Image-caption web data
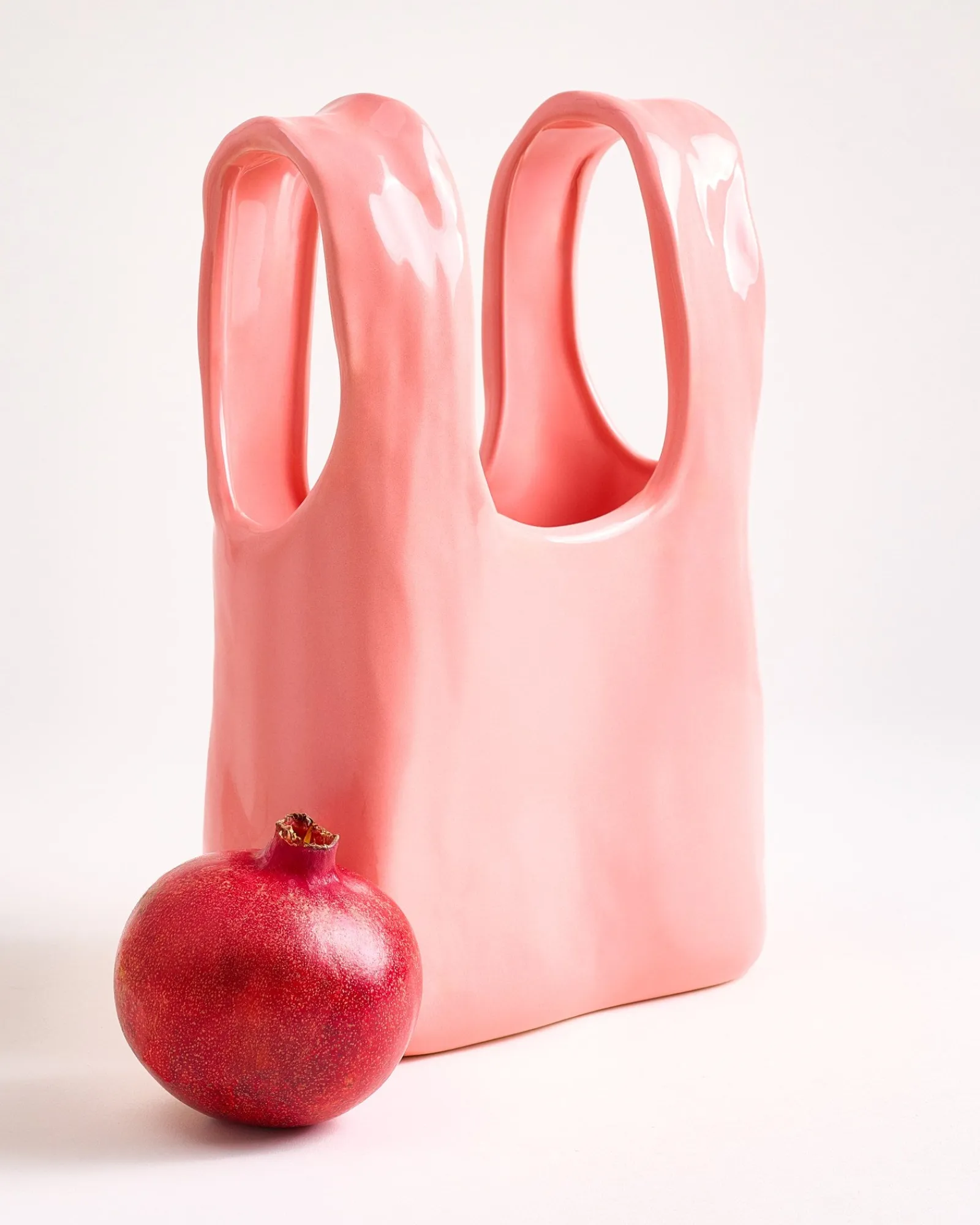 MaM x Another Cotton Lab - Vase M Mittlere Vasen|Neuheiten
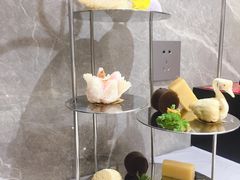 京八件-味+新京宴·烤鸭·北京菜(创意谷店)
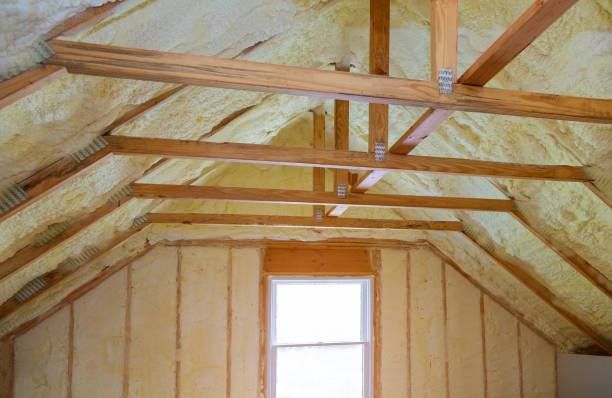 Best Insulation for Specific Applications in China Grove, NC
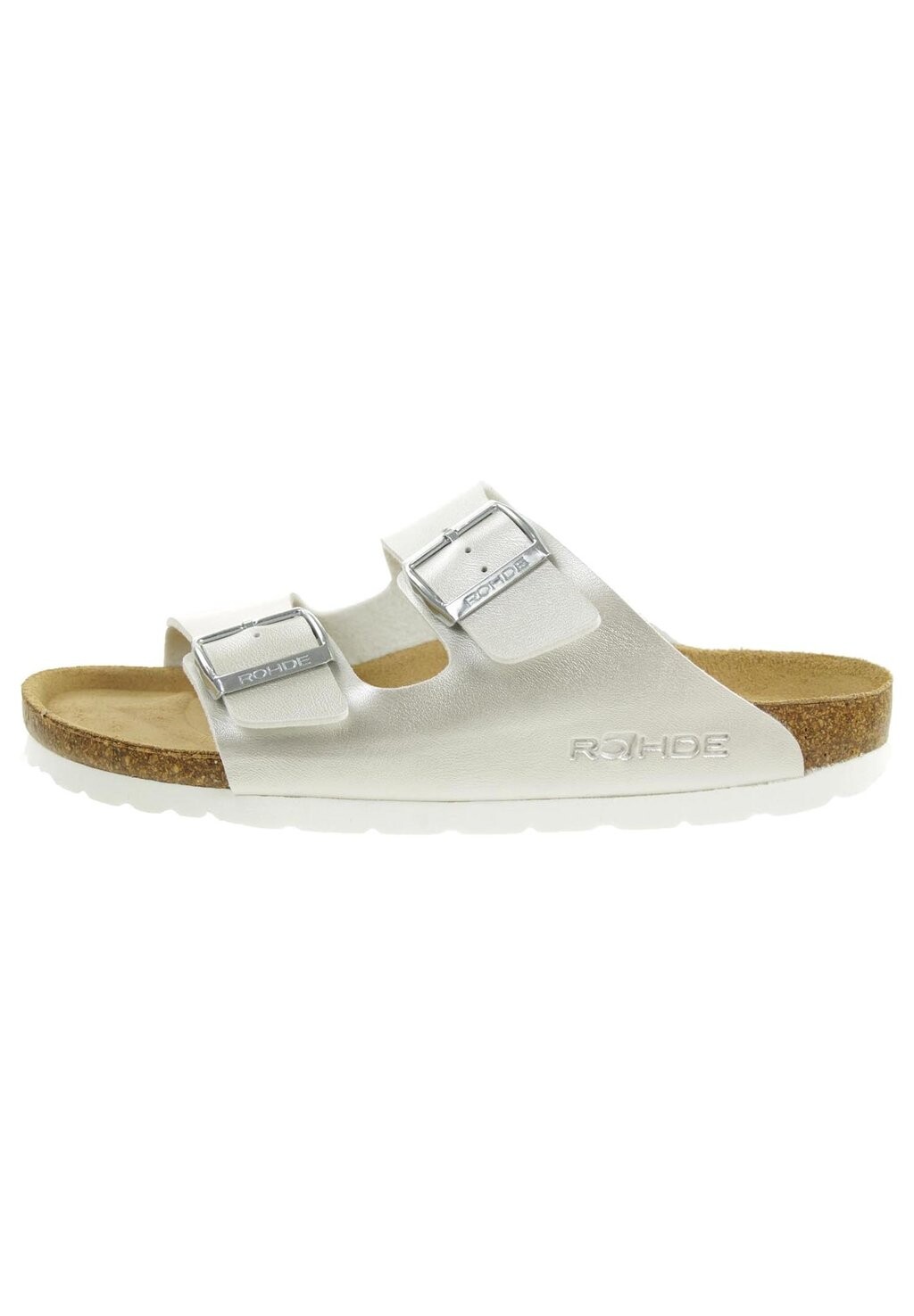

Мюли Rohde, цвет offwhite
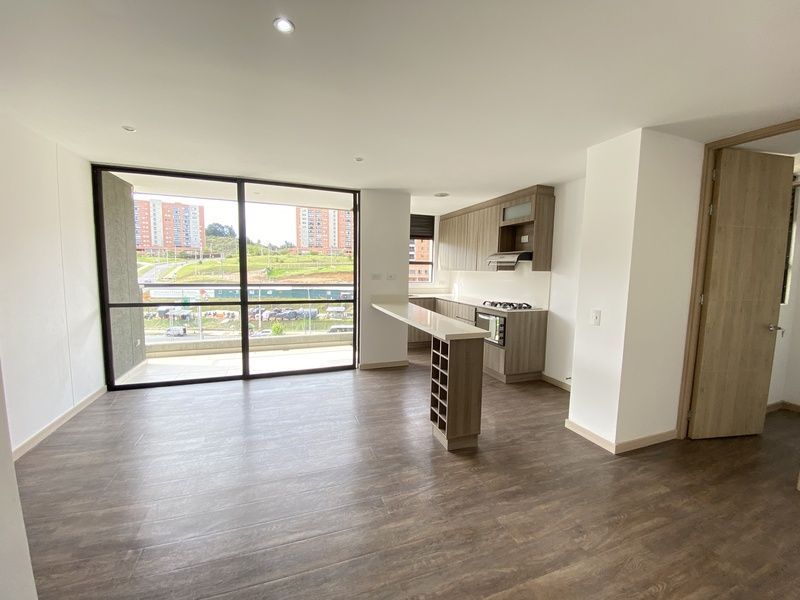 APARTAMENTO EN ARRIENDO UBICADO EN RIONEGRO SECTOR BARROBLANCO - 2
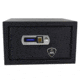 Verifi Smart Safe S5000 Biometric Gun Safe, 0.52 Cu Ft, Black, S5000-BLK-VER-G2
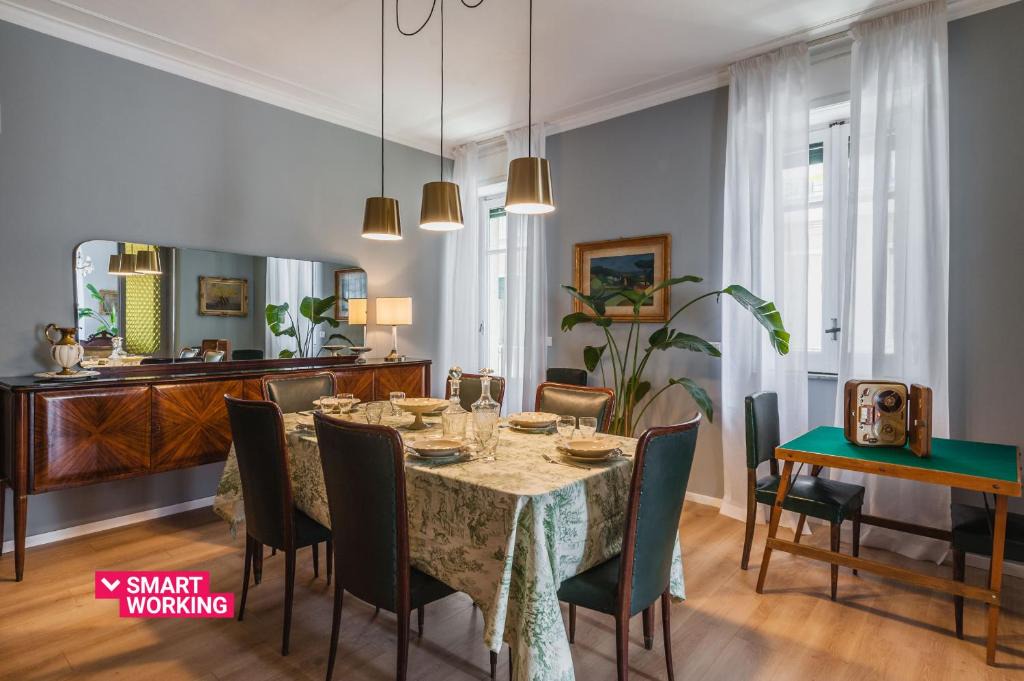 Picanello-Ognina-Barriera-Canalicchio Apartment | Riva House Catania by Wonderful Italy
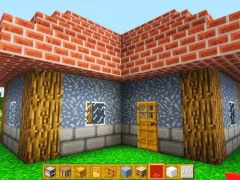 Gioco Craft Block World Building in linea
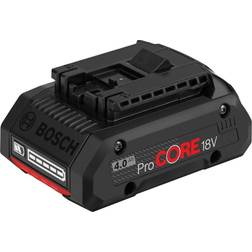 Bosch ProCore 18V 4.0Ah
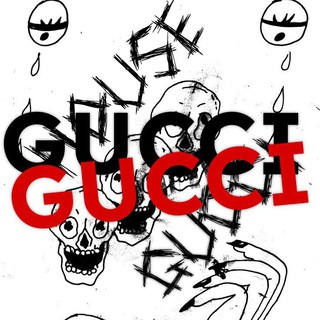 Telegram profile photo for GUCCI.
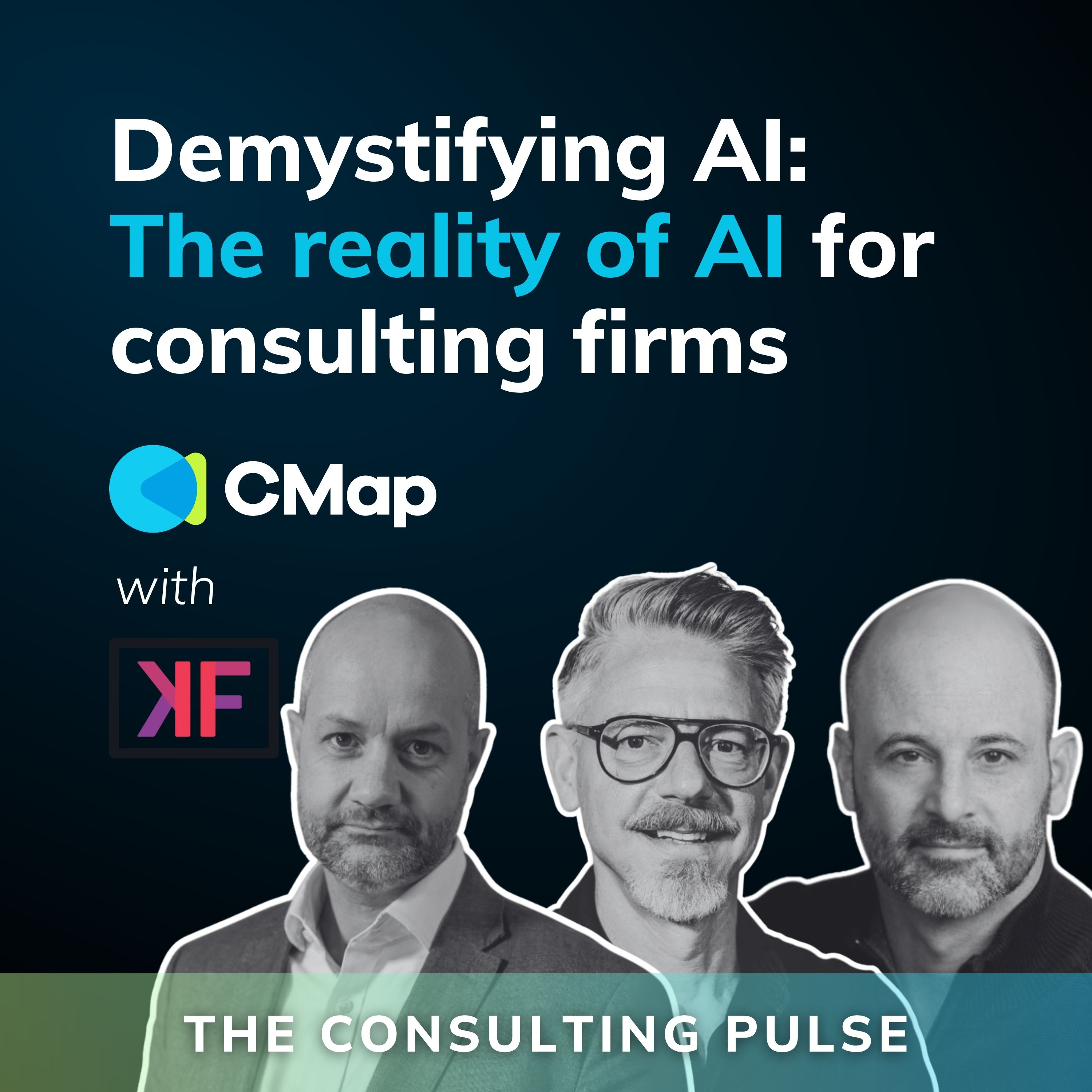 The Consulting Pulse by CMap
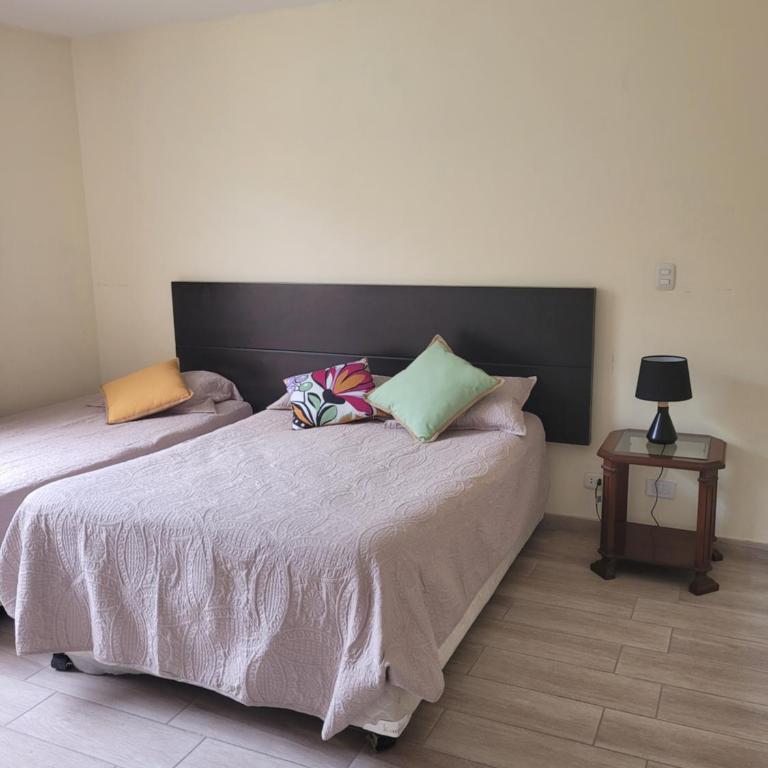 Casa Club Mijail - Three-Bedroom Apartment - 49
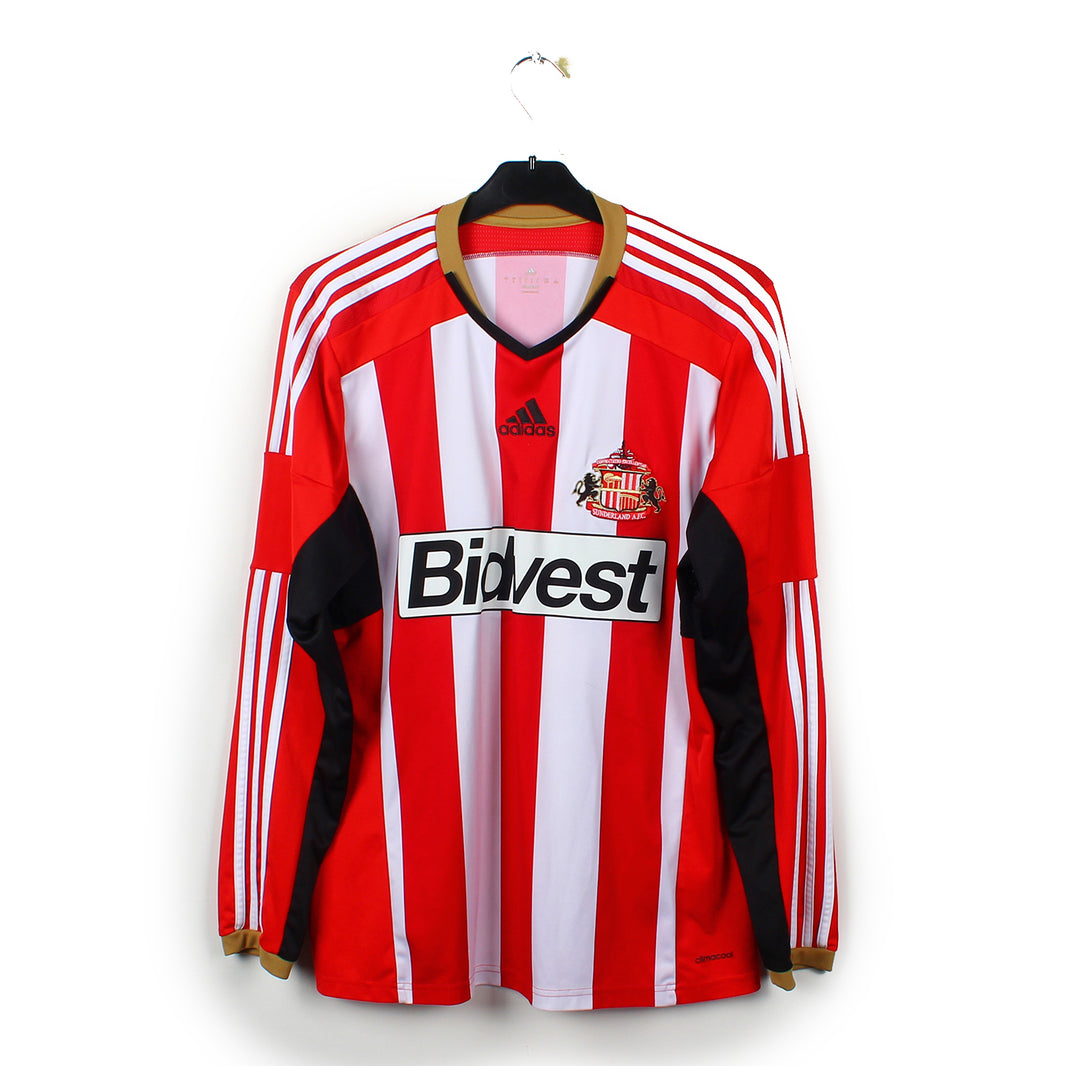 2014/15 - Sunderland #18 (L)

#### YOUR GOAL
The lines above starting at the one that holds "APARTAMENTO EN ARRIENDO" and ending at the one that holds "The Consulting Pulse by CMap" are to be written out exactly, ends included, and no pictures are to be copied.

#### RESPONSE BOX
 APARTAMENTO EN ARRIENDO UBICADO EN RIONEGRO SECTOR BARROBLANCO - 2
 Verifi Smart Safe S5000 Biometric Gun Safe, 0.52 Cu Ft, Black, S5000-BLK-VER-G2
 Picanello-Ognina-Barriera-Canalicchio Apartment | Riva House Catania by Wonderful Italy
 Gioco Craft Block World Building in linea
 Bosch ProCore 18V 4.0Ah
 Telegram profile photo for GUCCI.
 The Consulting Pulse by CMap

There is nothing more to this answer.